Quelles sont vos motivations ? Avoir le même rythme de repos que vos enfants et éviter les frais de garde ? Profiter de l’excellente réputation du corps enfeignant toujours en vacances auprès du grand public ? Plus sérieusement : vous adorez les enfants et vous avez envie de communiquer un certain savoir.
Que vous deveniez par la suite PEMF, directeur d’école, conseiller pédagogique, IEN ou chargé de quelque chose, tout commencera par un rendez-vous de carrière lorsque vous atteindrez le 6e échelon, assorti d’une appréciation à choisir entre « Excellent, Très satisfaisant, satisfaisant, à consolider ». Pas de félicitations ou d’encouragements. On est bien dans le primaire.
Mais qu’évalue ce rendez-vous ?
Si je devais évaluer le travail d’un maçon, je regarderais les murs qu’il a construits.
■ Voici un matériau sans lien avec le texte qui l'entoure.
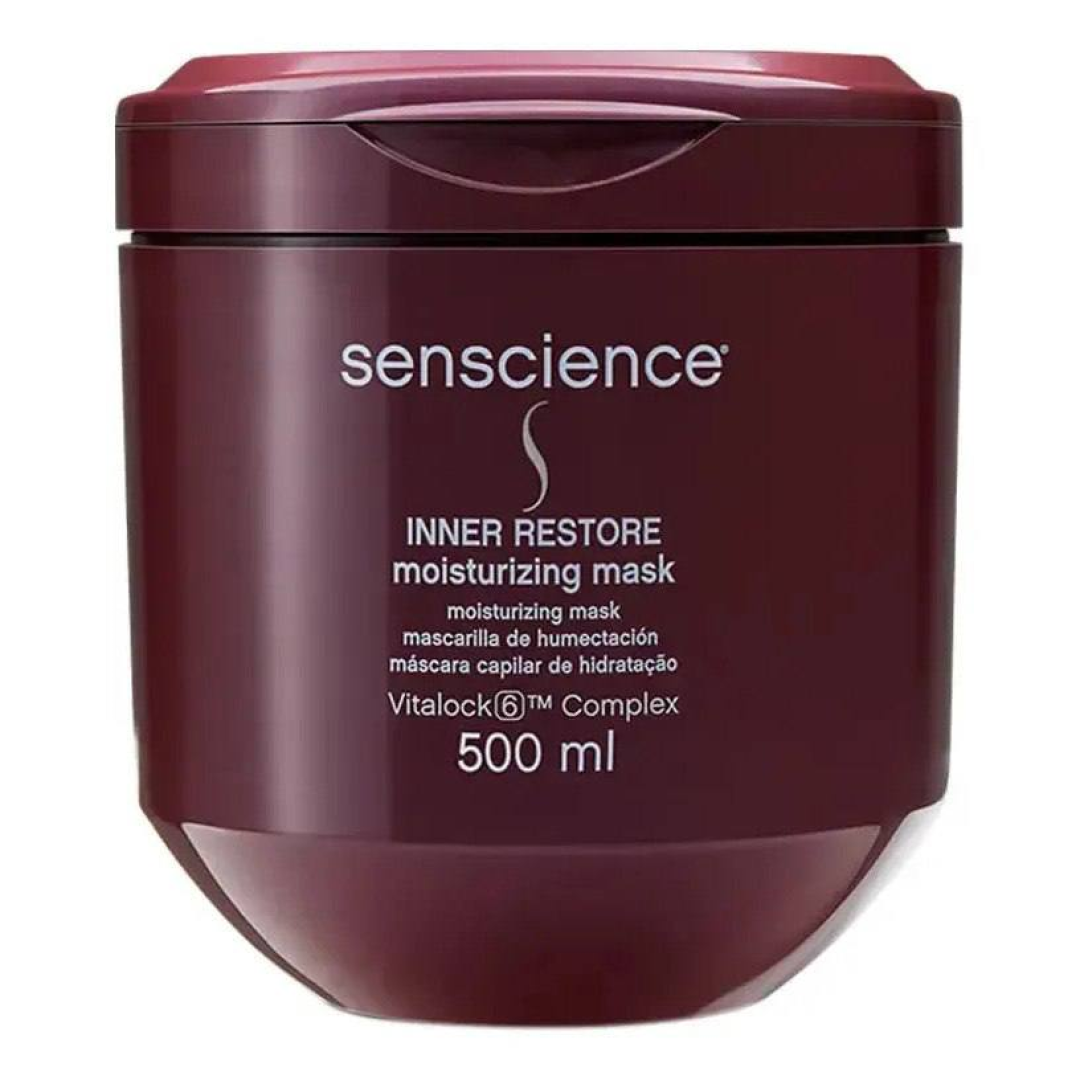 Senscience Inner Restore Mascara De Tratamento 500 Ml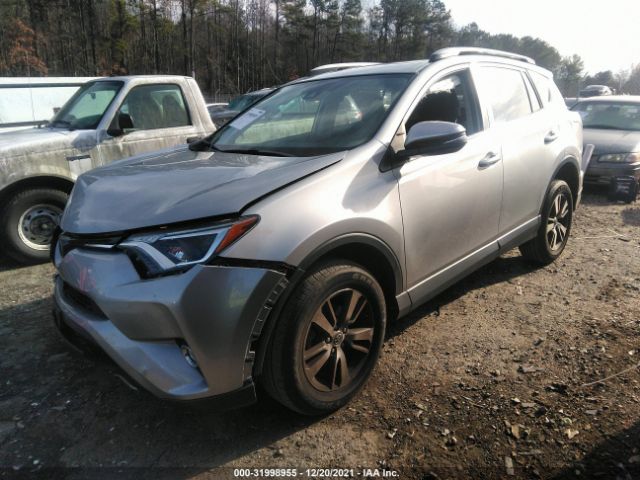 Photo 1 VIN: JTMRFREV7JD235424 - TOYOTA RAV4 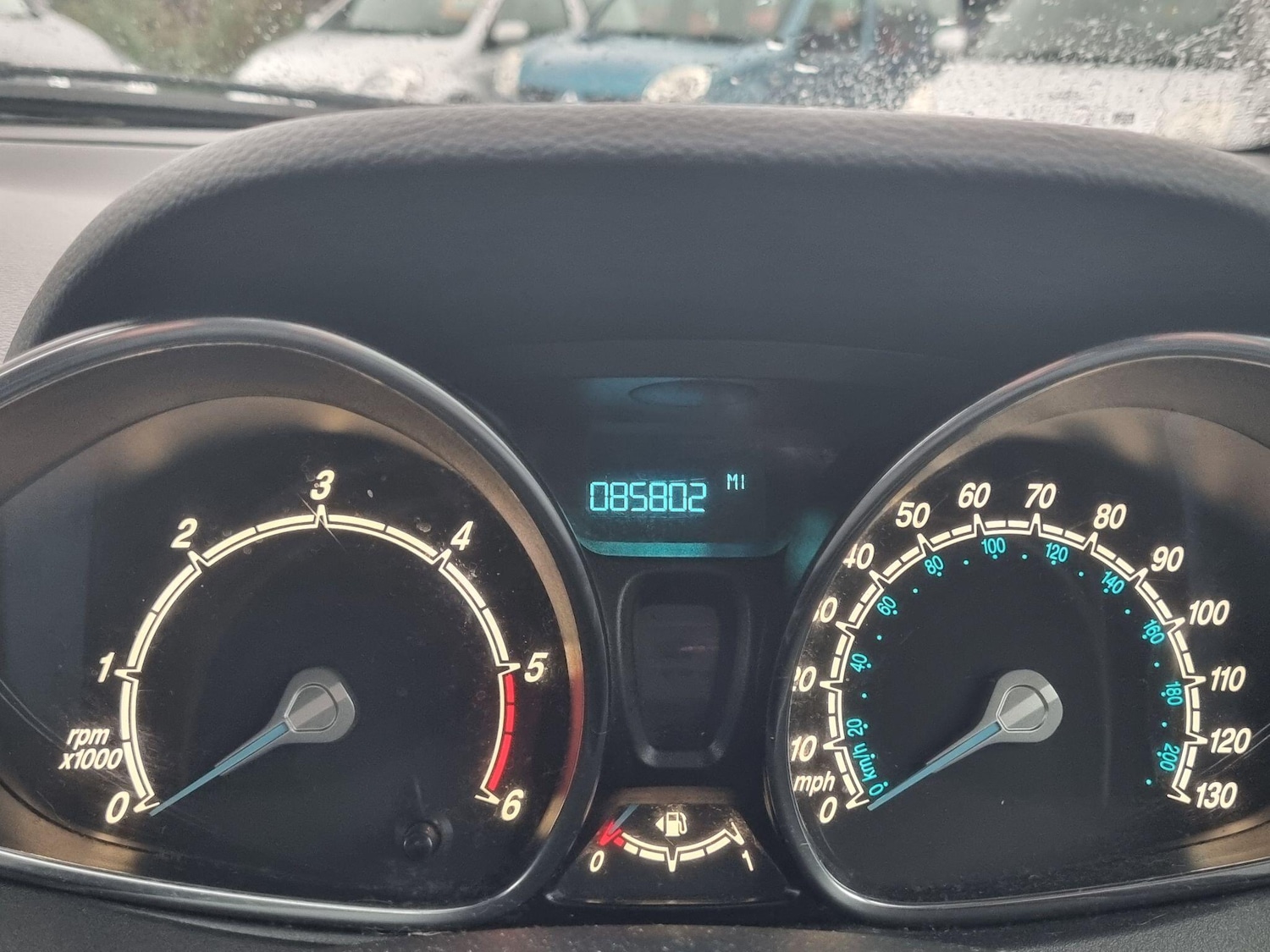 Used Ford B-MAX 2014 for sale - 76765466: Photo 9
Sont-ils rectilignes et verticaux ? Les angles et les délais sont-ils respectés ? Je me moquerais de savoir s’il connait les derniers produits à la mode, surtout s’ils n’ont pas fait leurs preuves ! Et je ne lui demanderais pas non plus la marque de sa brouette !
On ne vous demandera que rarement les bilans des évaluations de vos élèves ; on ne parlera pas de leurs progrès lors de l’année scolaire ; on ne vous demandera pas si vous passez le samedi et le mercredi dans votre classe pour préparer vos cours ; on ne vous parlera pas de l’efficacité de vos rituels quotidiens en orthographe, en calcul mental, en problèmes, etc.
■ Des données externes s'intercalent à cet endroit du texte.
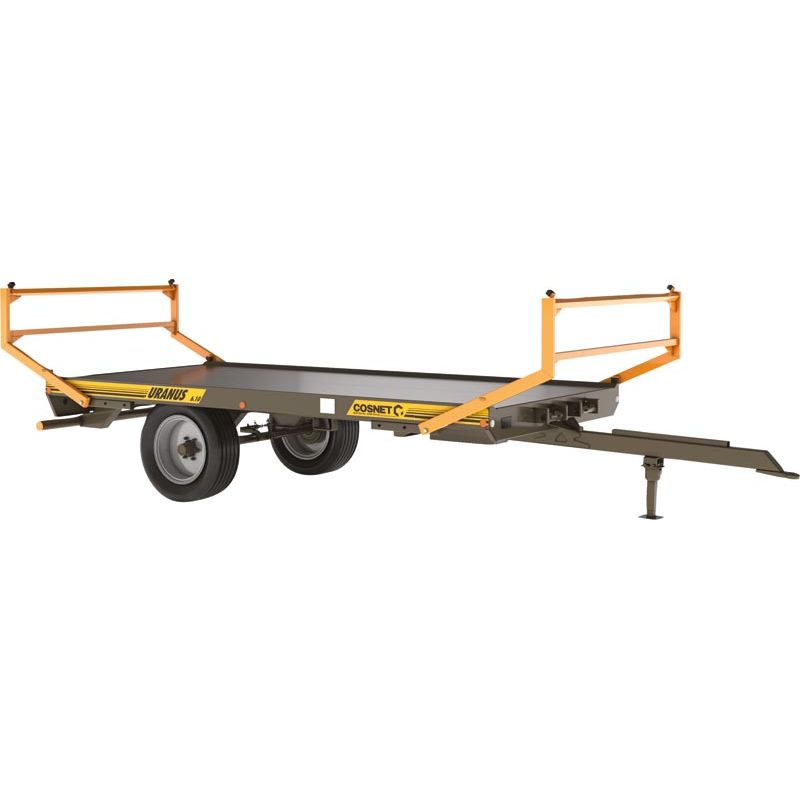 Plateau fourrager URANUS 6.10 SPE - Cosnet Agricole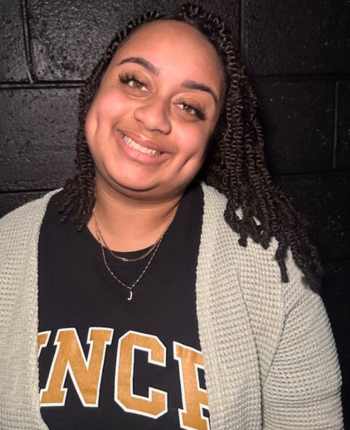 Jasmine B. Toles (she/her) – Fayetteville, North Carolina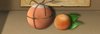 шарик для ванной Savonry мандарин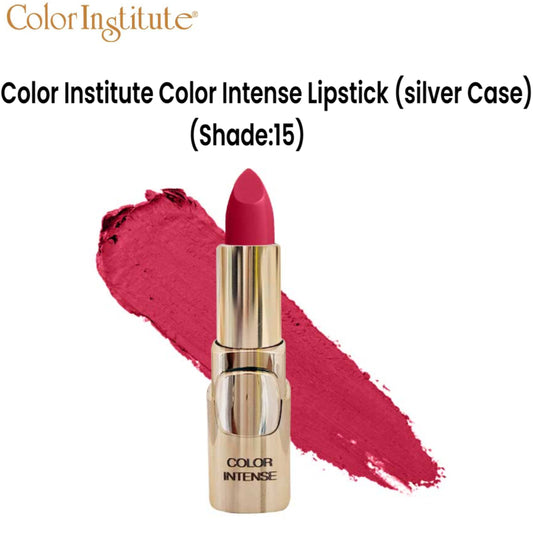 Color Institute Color Intense Lipstick (silver Case) (Shade:115)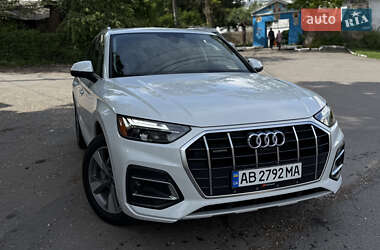 Внедорожник / Кроссовер Audi Q5 2023 в 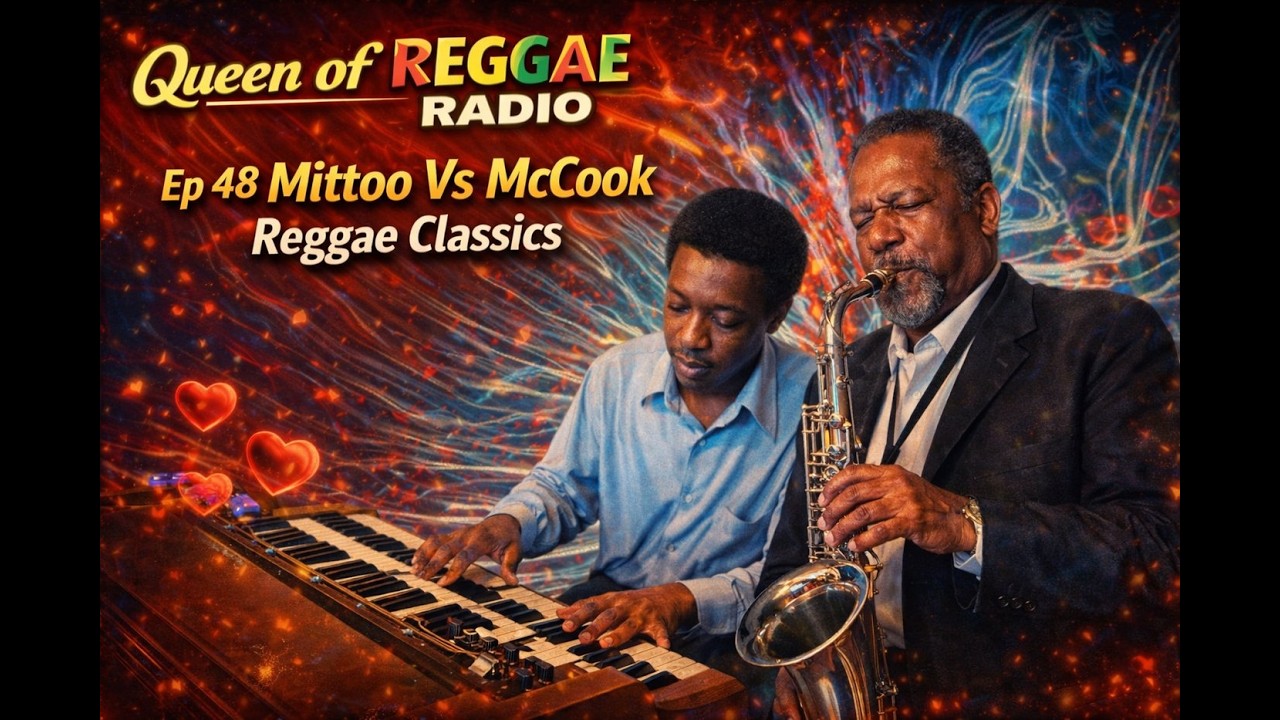 QORR EP#48 MITTOO & McCOOK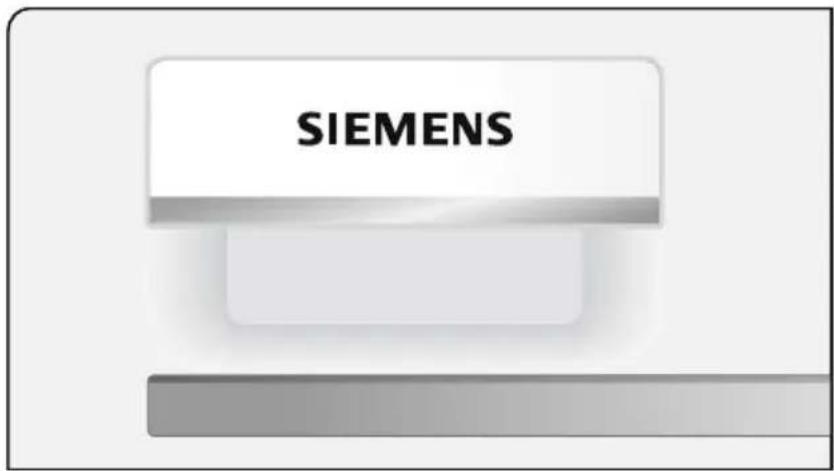 SIEMENS WM14Y74A - Waschmittelschublade - 2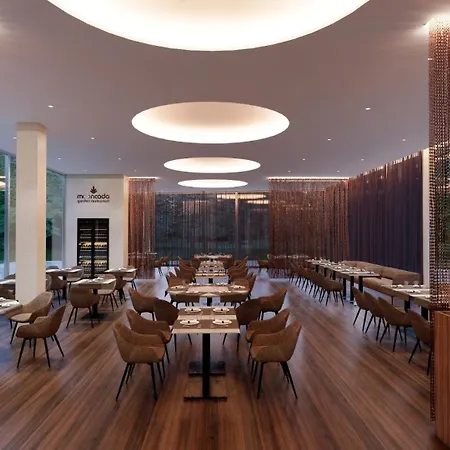 מלון Sh Campus Lyceum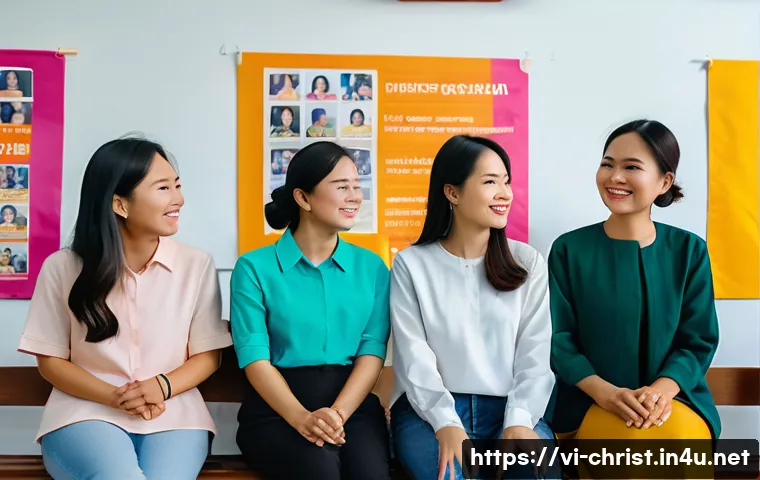 기독교와 페미니즘 관련 이미지 1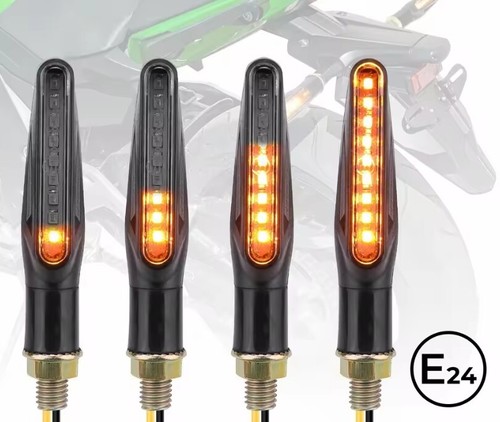 Frecce moto led - 4, sequenziali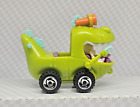 Rare Vntage 1998 Hot Wheels Reptal Wagon From Action Pack Rugrats Movie Bb13-908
En revanche, on vous vantera les derniers projets pédagogiques à la mode. On vous reprochera de ne pas faire découvrir l’histoire aux élèves à l’aide de documents à classer, à analyser, pour deviner ce qui s’est passé et faire concevoir une trace écrite par les enfants eux-mêmes. En 45 minutes, et avec 25 enfants ou plus…
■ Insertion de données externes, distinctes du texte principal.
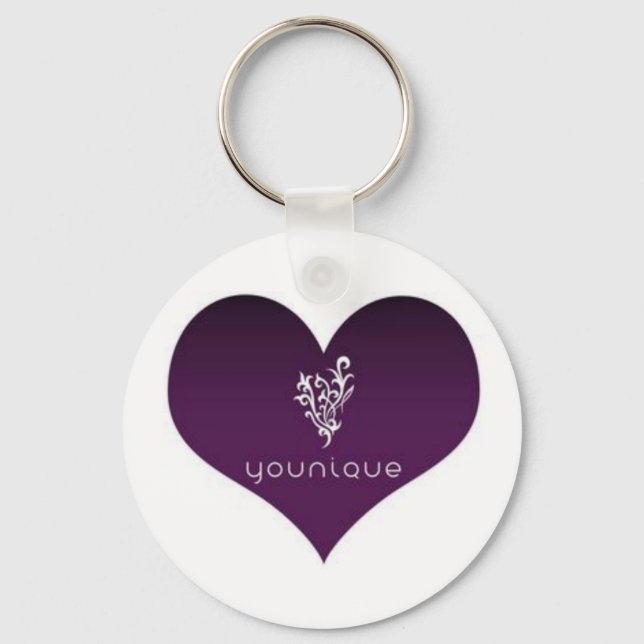 Makeup-nyckelkedja Nyckelring (Framsida)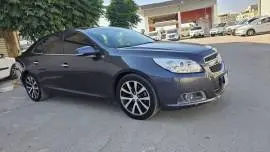 Chevrolet Malibu 2012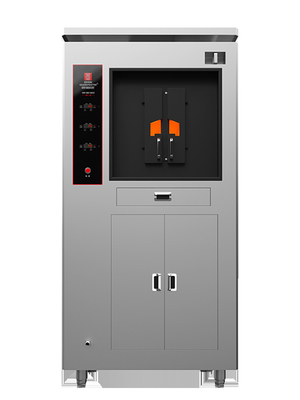 Αγορά Εμπορική ηλεκτρική ψαροχάραξη με 2 διαμερίσματα 190KG ηλεκτρονική κατασκευή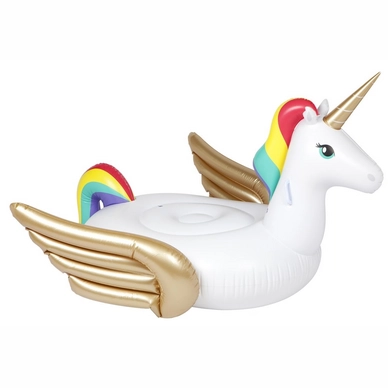 Aufblasbares EInhorn Ride-On Float Sunnylife Unicorn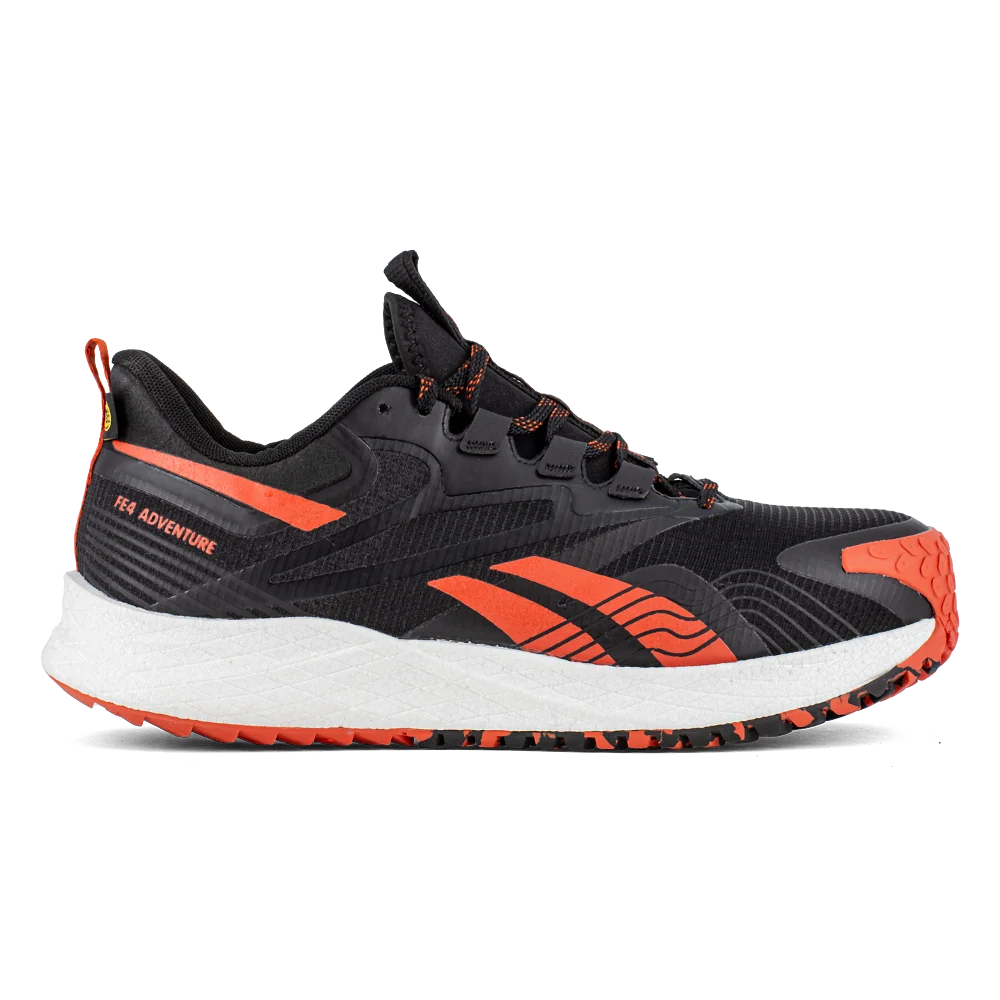 Reebok FE4 Adventure Zwart/oranje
On vous demandera vos PPRE et la paperasse qui sert d’alibi pour faire croire que l’on peut faire quelque chose d’efficace, en tant que PE (vous n’êtes ni travailleur social, ni psychologue ni éducateur spécialisé) pour les élèves qui sont à la traine et qui perturbent parfois le travail de la classe. Même si vous, vous savez que vous avez 25 autres enfants qui doivent avancer et qui attendent.
Ce n’est pas le cœur du métier que l’on évalue.
Il s’agit d’une évaluation subjective : ce n’est pas votre travail et ses effets qui sont évalués, c’est votre personnalité, votre attitude, votre docilité et votre obéissance considérés comme le rouage d’un système qui, on le sait très bien, fonctionne de plus en plus mal. Pas une tête ne doit dépasser du troupeau…
Mais comment pourrait-on évaluer objectivement le travail d’un enseignant ?
En évaluant les progrès de ses élèves bien sûr ! Au sein d’une école, en début d’année puis en fin de trimestre ou de semestre, copie anonyme, évaluation conçue et corrigée de manière collégiale assurée par l’équipe pédagogique. Oui, je sais, du travail en plus… Ce n’est pas certain : ces évaluations pourraient faire office de bilans trimestriels ou semestriels. Elles devraient également servir de socle lors de votre inspection.
Pour une fois, soyons pragmatiques : si vous faites progresser vos élèves autant voire plus que vos collègues de l’école, peu importe votre méthode pédagogique.